Hillary seems to sleep all day and night. 

She is quilling. 

When I wake up or come home from work I see signs that she has been out and eaten, used the restroom etc. My boyfriend will removed her house and blanket at 1230 am so when I get home at 1 she is awake. But other than that she probably sleeps 18-20 hours. (thats a rough estimate.) 

Is this normal?


----------



## CinnasParents (Mar 7, 2013)

How old is she? If she's still really young, it is completely normal for her to be sleeping a lot. Babies love to sleep more than anything else.
Does she have a normal light cycle (12hrs light, 12 hrs dark)? Does she have a wheel and run on it?
Why is your boyfriend removing her house and blanket?


----------



## HillarysMom (Jun 2, 2013)

She is 9 weeks old, she has a wheel (but not a avid user) and no she doesn't have a light/dark schedule. 
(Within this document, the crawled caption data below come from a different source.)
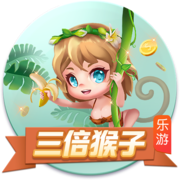 转会费1200万欧！尤文官方：25岁右后卫若昂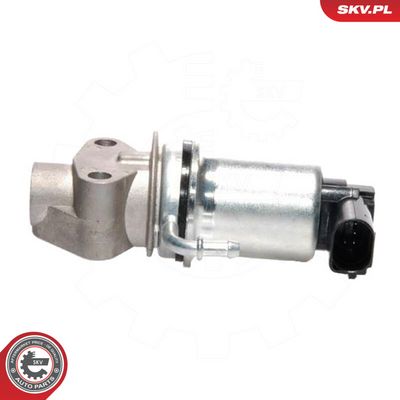 AGR-Ventil ESEN SKV 14SKV018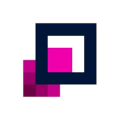 Scopio Labs Secures M in Series D Extension Funding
Rob removes her blanket and house so that she can wake up and eat and drink. At first when I would come in and try to pick her up right out of sleep she would get stressed out and not uncurl from a ball for the time I would be holding her. When she has that 30 minutes to wake up she eats and drinks (sometimes if she hasn't been woken up I can tell she hasn't touched anything) and it seems to go smoothly for her.


----------



## CinnasParents (Mar 7, 2013)

At nine weeks, especially during quilling, it is normal for her to want to sleep a lot. Is she having dry skin or anything from quilling? Shadow only wanted to eat and sleep during that time, and now he enjoys running nightly.

I would try establishing a light schedule for her. My babies function better with one. Cinna slept and had a weird schedule until I put him on one.

My boyfriend's name is Rob as well  hah It's good that you allow time for her to wake and adjust before taking her out.


----------



## HillarysMom (Jun 2, 2013)

She does have dry skin. I given her a bath with aveeno with oatmeal (frag. free  ) then applied e.v.o.o. She seems to be doing well with that combo and doesnt mind bath too much. Thanks for the help. In the 2 weeks we have had her, she went from 6.5 to 9.7 ounces. So I thought maybe it was her sleeping pattern because we kept the same food


----------



## CinnasParents (Mar 7, 2013)

You can also try a bath with some plain oatmeal in a sock as well if she doesn't need to be shampooed. That calmed Shadow down a lot when he was quilling.
I'm glad she's doing well with you though  she sounds sweet!


----------